> **AIM OF THE EXERCISE**: Make an exact copy of the lines from the top of the entries below through the line with "Welcome to the". Leave all pictures out.

Stored data
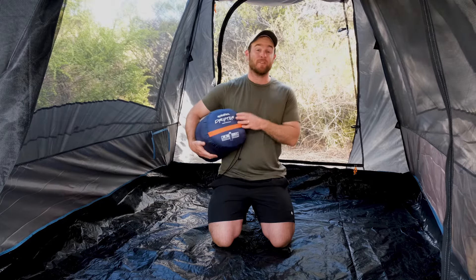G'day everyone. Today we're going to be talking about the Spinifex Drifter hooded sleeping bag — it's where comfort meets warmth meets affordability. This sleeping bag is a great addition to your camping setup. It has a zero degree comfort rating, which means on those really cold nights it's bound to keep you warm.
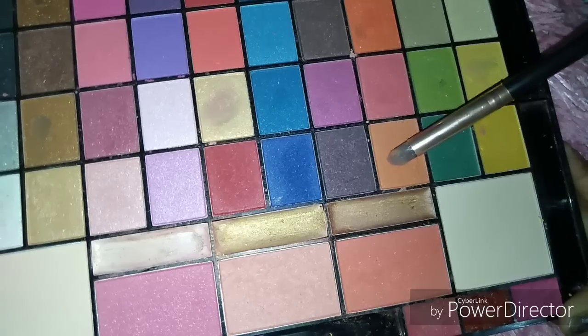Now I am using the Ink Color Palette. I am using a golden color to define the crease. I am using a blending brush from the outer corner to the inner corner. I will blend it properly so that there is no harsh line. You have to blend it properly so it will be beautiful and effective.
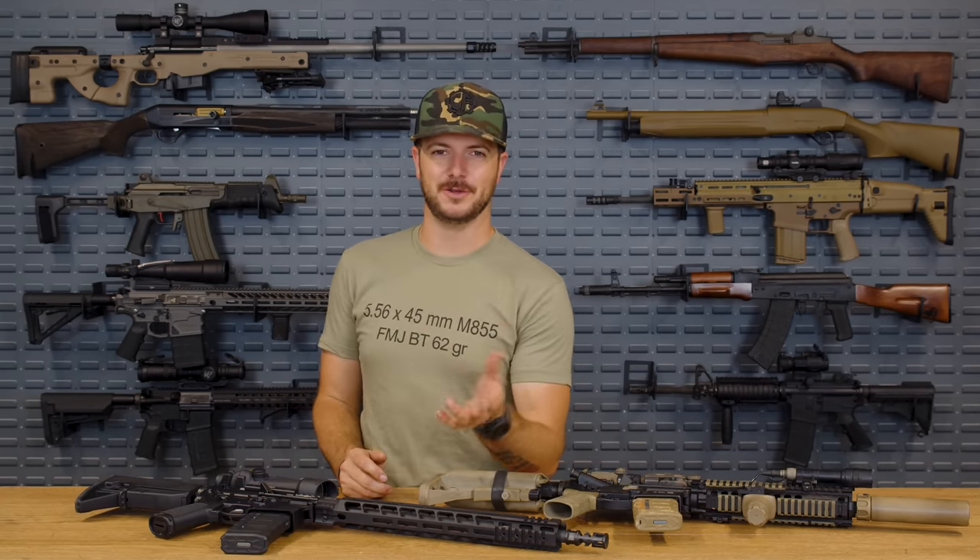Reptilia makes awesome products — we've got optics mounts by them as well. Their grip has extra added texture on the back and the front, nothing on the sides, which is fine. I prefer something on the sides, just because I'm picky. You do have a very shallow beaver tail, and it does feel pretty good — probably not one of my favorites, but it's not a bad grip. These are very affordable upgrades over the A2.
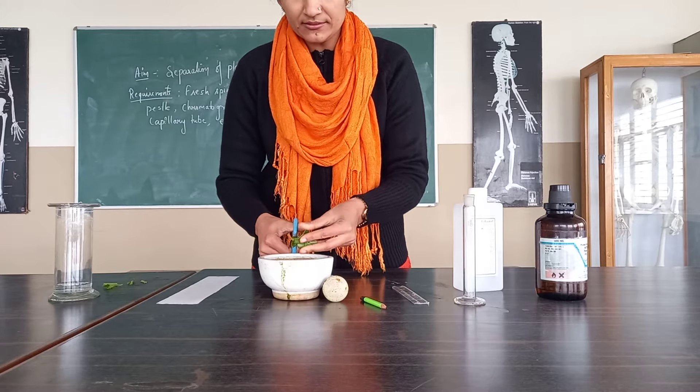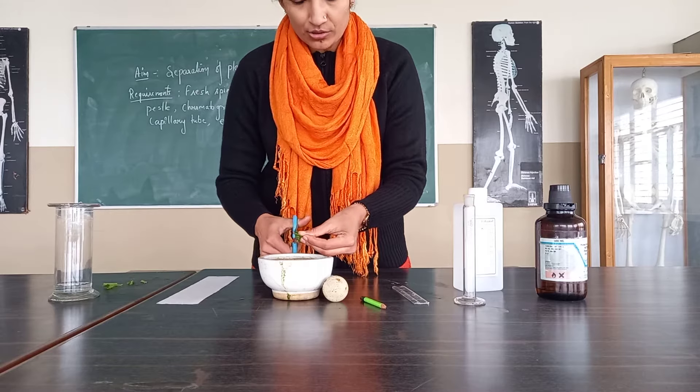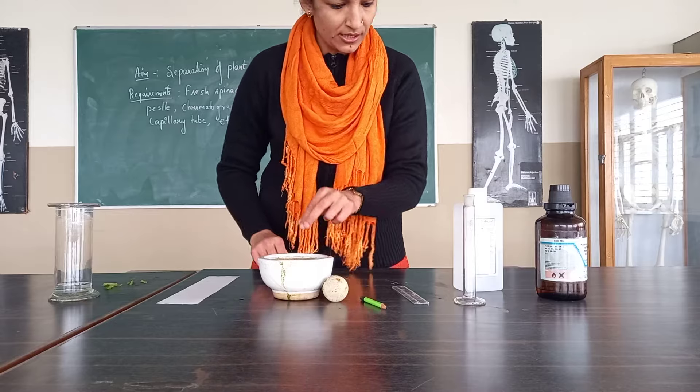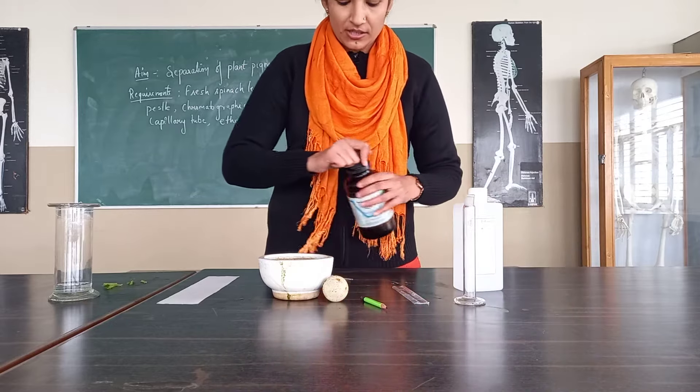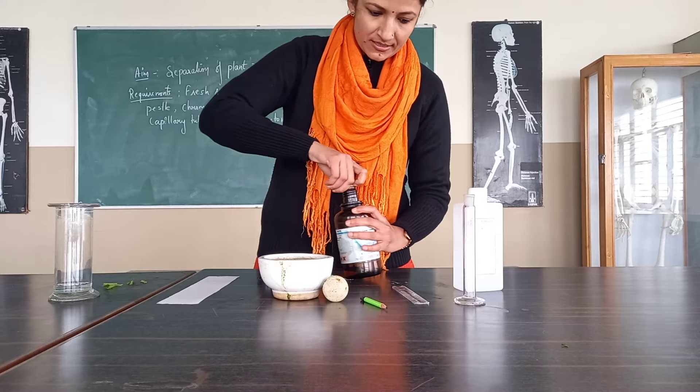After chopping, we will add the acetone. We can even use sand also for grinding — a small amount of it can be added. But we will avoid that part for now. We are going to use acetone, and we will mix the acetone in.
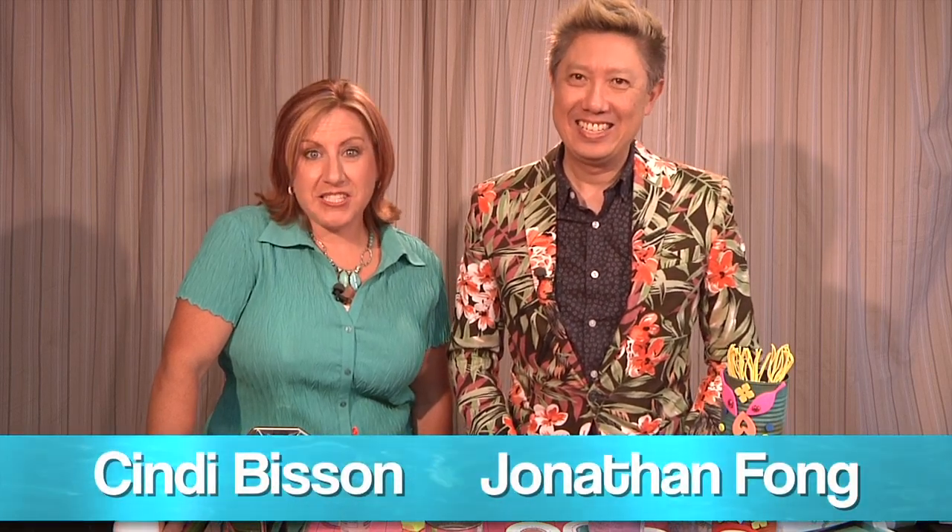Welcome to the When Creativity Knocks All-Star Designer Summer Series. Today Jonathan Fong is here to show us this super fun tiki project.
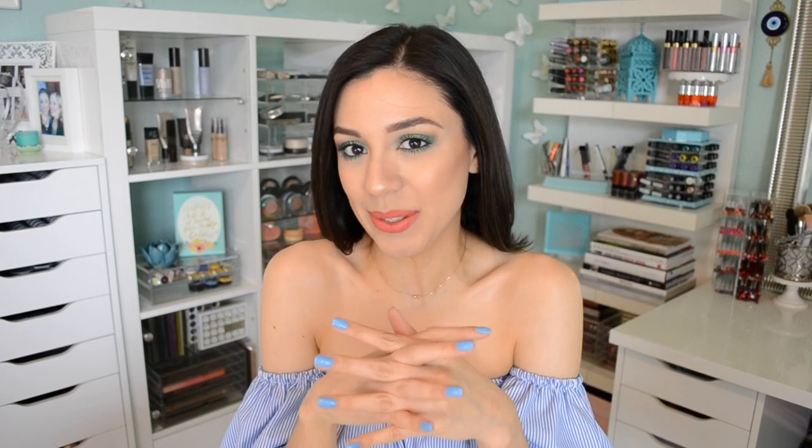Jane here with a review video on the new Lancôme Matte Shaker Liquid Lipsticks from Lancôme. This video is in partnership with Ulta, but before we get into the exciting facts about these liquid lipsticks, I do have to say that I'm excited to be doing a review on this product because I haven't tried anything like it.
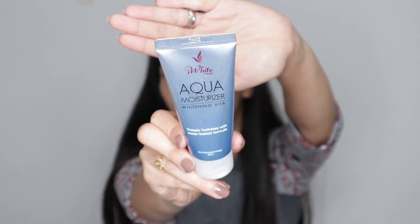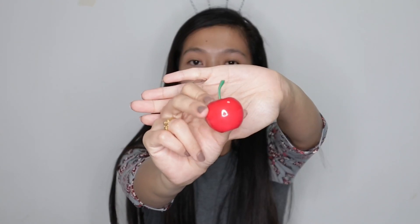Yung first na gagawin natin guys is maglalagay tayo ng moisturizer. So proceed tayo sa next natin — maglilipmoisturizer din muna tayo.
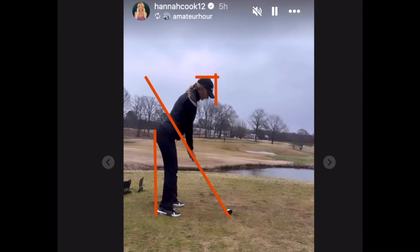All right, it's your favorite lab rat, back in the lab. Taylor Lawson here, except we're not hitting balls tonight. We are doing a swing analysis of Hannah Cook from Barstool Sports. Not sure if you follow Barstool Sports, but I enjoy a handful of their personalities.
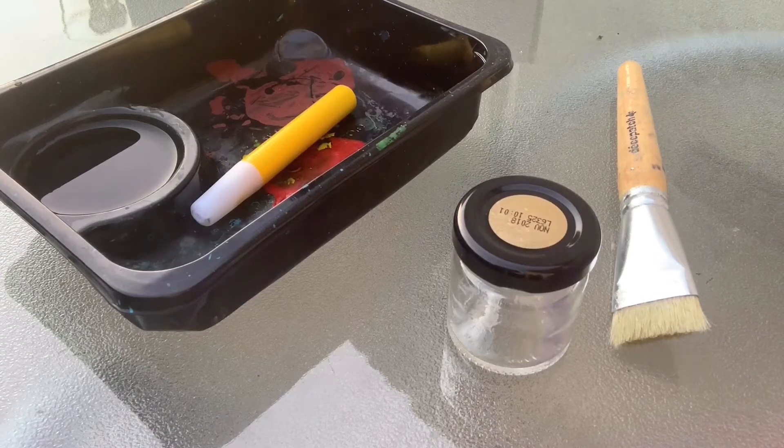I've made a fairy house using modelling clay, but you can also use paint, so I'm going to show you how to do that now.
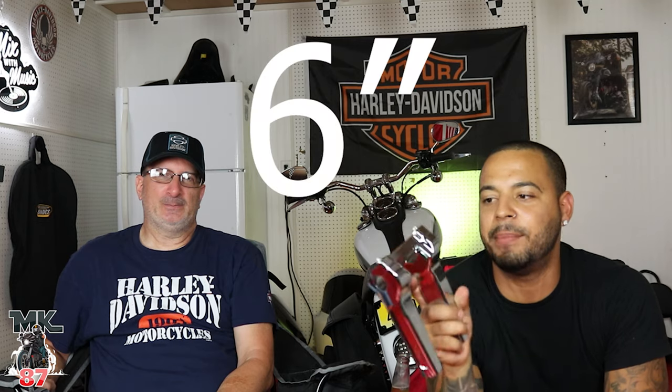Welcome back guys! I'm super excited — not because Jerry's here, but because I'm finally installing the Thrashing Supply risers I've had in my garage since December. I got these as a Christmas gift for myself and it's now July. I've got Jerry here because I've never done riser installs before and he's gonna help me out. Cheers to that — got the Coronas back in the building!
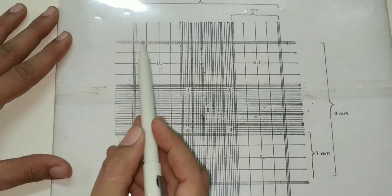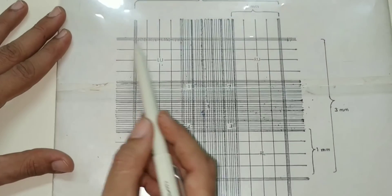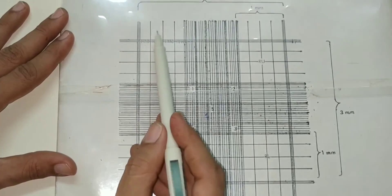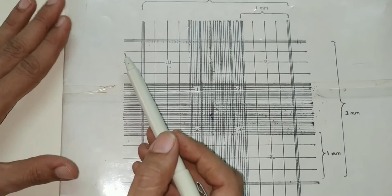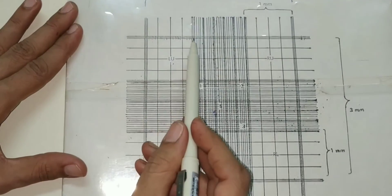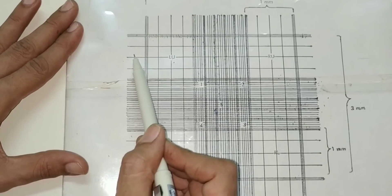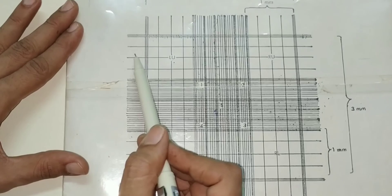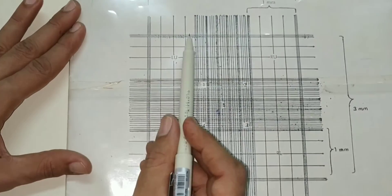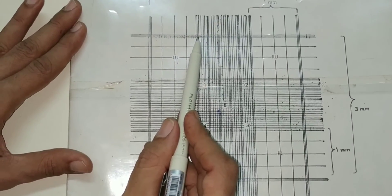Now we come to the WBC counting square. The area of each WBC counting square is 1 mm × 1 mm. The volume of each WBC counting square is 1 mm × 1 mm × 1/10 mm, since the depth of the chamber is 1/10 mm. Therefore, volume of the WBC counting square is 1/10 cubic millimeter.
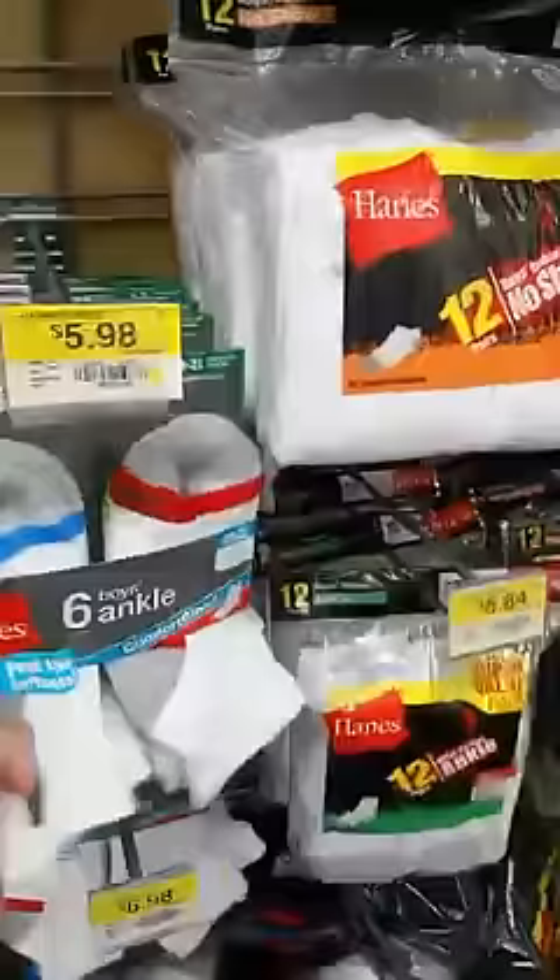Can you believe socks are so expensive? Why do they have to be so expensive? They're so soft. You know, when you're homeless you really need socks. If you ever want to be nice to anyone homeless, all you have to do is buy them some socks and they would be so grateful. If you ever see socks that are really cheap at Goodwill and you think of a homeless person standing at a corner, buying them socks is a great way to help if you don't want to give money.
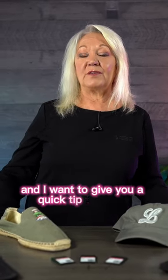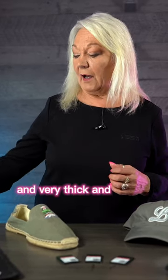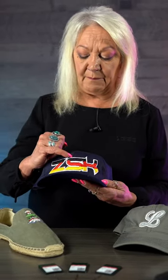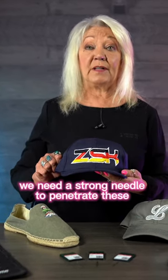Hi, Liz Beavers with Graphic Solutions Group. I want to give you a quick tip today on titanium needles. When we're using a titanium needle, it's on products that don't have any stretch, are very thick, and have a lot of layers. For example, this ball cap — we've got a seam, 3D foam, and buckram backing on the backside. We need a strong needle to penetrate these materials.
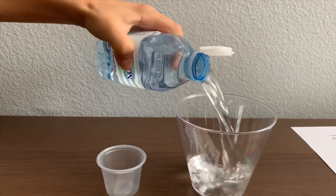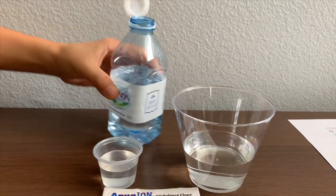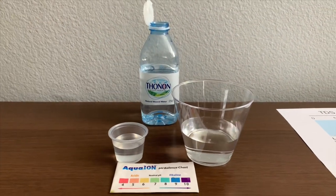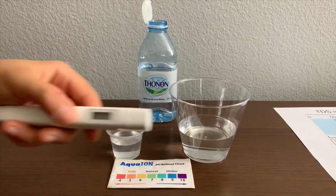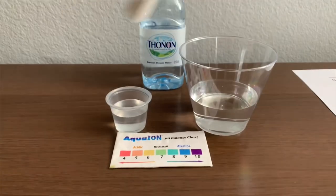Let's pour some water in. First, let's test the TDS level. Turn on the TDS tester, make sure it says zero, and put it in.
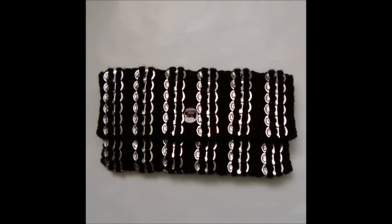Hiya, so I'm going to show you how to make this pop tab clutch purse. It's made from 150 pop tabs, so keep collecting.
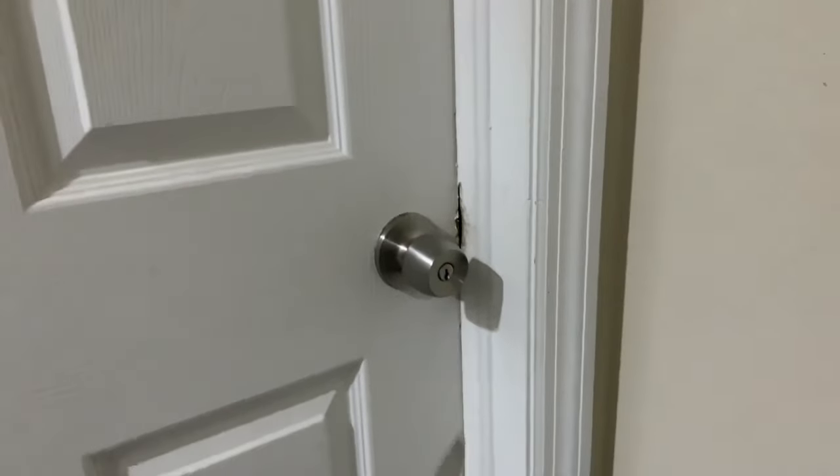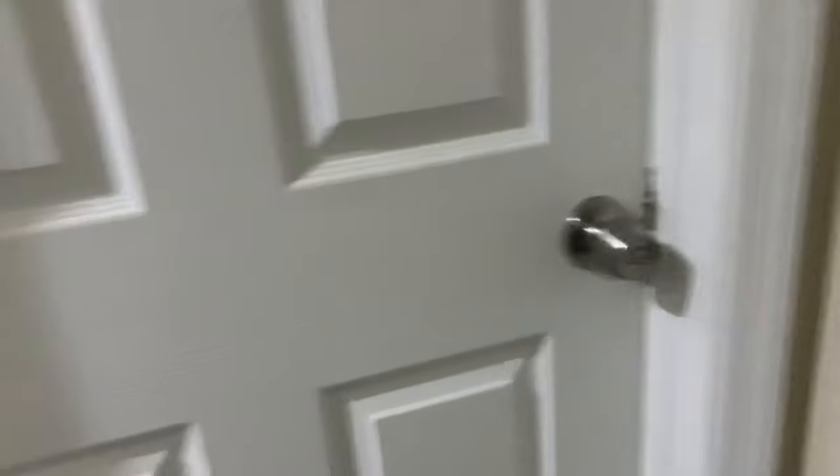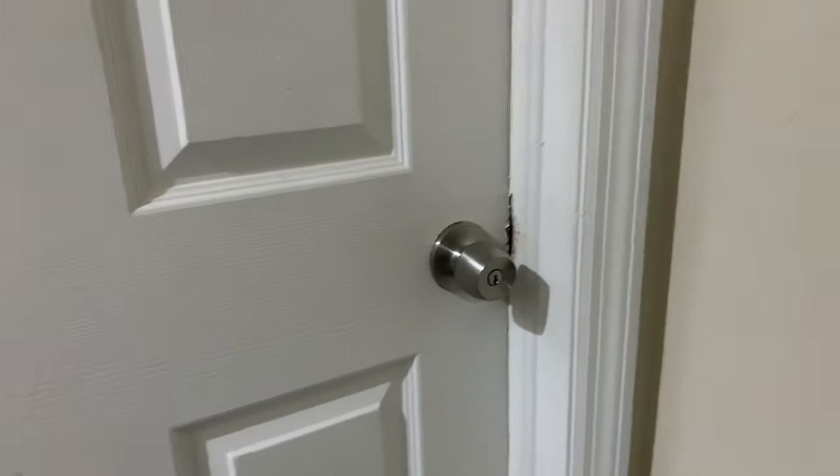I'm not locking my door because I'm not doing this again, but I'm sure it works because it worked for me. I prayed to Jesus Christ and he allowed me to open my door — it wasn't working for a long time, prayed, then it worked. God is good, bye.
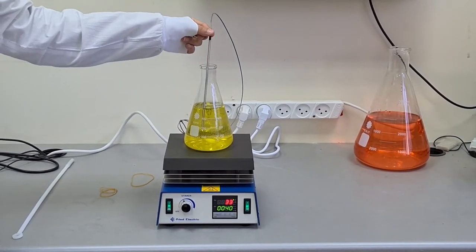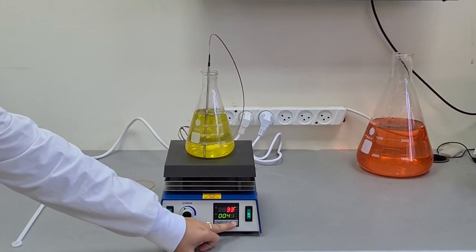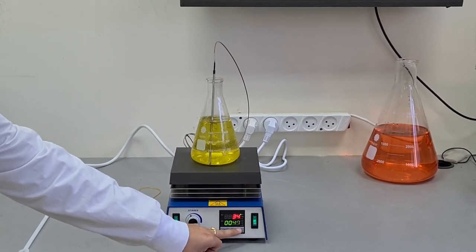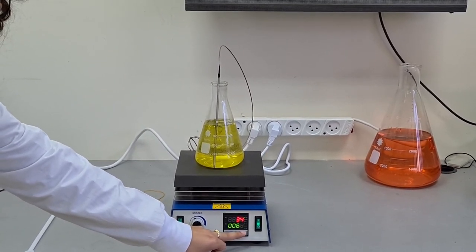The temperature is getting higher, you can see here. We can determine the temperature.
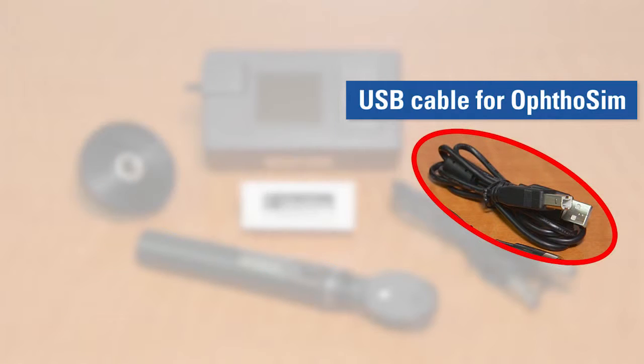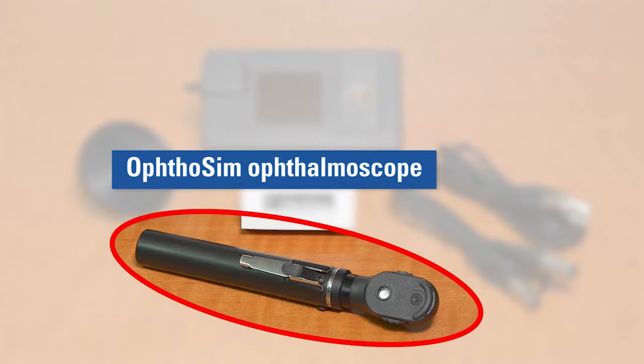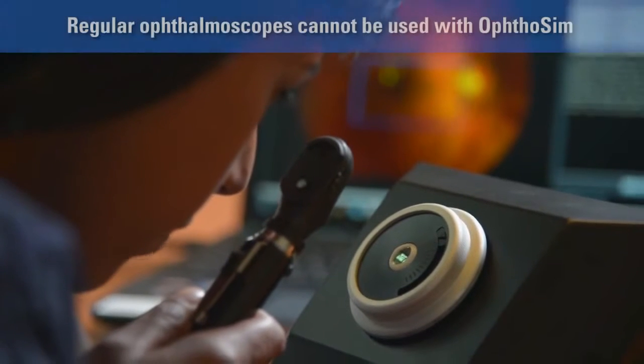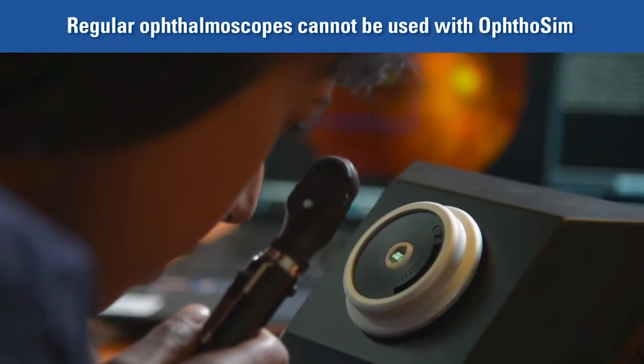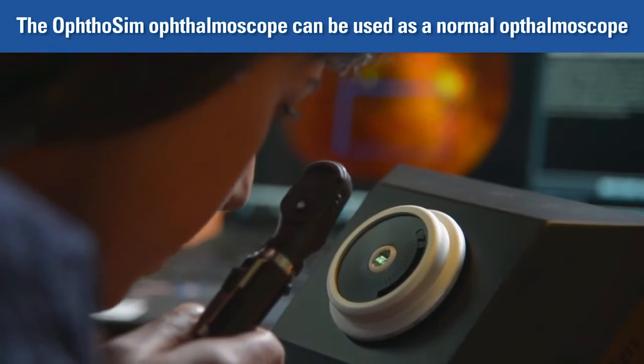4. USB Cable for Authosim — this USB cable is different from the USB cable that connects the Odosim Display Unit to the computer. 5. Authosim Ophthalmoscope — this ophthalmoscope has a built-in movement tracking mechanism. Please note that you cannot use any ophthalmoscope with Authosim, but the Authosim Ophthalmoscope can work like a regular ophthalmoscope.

> **THE COMPLETED TASK**:
G'day everyone. Today we're going to be talking about the Spinifex Drifter hooded sleeping bag — it's where comfort meets warmth meets affordability. This sleeping bag is a great addition to your camping setup. It has a zero degree comfort rating, which means on those really cold nights it's bound to keep you warm.
Now I am using the Ink Color Palette. I am using a golden color to define the crease. I am using a blending brush from the outer corner to the inner corner. I will blend it properly so that there is no harsh line. You have to blend it properly so it will be beautiful and effective.
Reptilia makes awesome products — we've got optics mounts by them as well. Their grip has extra added texture on the back and the front, nothing on the sides, which is fine. I prefer something on the sides, just because I'm picky. You do have a very shallow beaver tail, and it does feel pretty good — probably not one of my favorites, but it's not a bad grip. These are very affordable upgrades over the A2.
After chopping, we will add the acetone. We can even use sand also for grinding — a small amount of it can be added. But we will avoid that part for now. We are going to use acetone, and we will mix the acetone in.
Welcome to the When Creativity Knocks All-Star Designer Summer Series. Today Jonathan Fong is here to show us this super fun tiki project.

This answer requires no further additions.